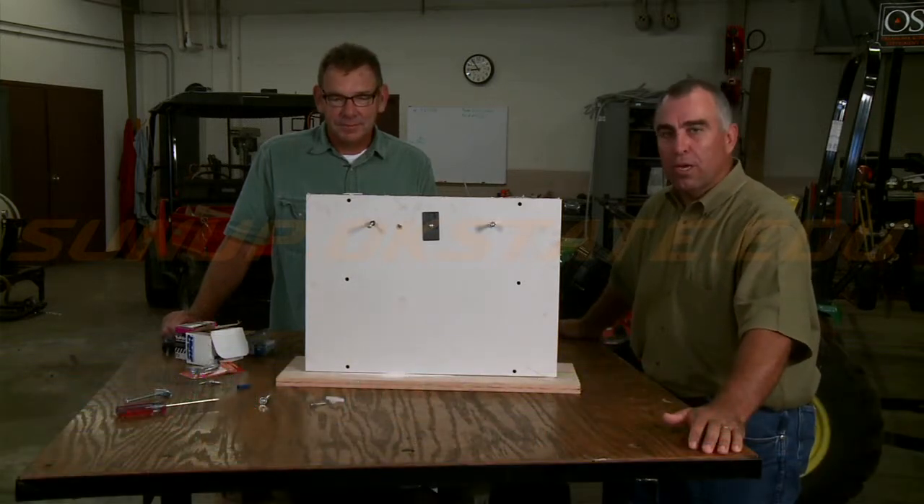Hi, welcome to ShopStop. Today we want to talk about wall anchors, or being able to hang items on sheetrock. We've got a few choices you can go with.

...

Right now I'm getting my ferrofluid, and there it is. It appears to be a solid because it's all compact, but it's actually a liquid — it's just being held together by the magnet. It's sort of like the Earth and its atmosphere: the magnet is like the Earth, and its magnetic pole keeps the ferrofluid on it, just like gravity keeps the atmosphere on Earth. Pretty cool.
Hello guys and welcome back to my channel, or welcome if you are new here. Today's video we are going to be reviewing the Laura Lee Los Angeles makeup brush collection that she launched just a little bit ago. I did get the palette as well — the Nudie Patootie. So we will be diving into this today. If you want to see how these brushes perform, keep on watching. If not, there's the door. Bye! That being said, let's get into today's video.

*EXERCISE AIM*
Please go through the data and copy each line containing the word "just".

*RESULT*
Right now I'm getting my ferrofluid, and there it is. It appears to be a solid because it's all compact, but it's actually a liquid — it's just being held together by the magnet. It's sort of like the Earth and its atmosphere: the magnet is like the Earth, and its magnetic pole keeps the ferrofluid on it, just like gravity keeps the atmosphere on Earth. Pretty cool.
Hello guys and welcome back to my channel, or welcome if you are new here. Today's video we are going to be reviewing the Laura Lee Los Angeles makeup brush collection that she launched just a little bit ago. I did get the palette as well — the Nudie Patootie. So we will be diving into this today. If you want to see how these brushes perform, keep on watching. If not, there's the door. Bye! That being said, let's get into today's video.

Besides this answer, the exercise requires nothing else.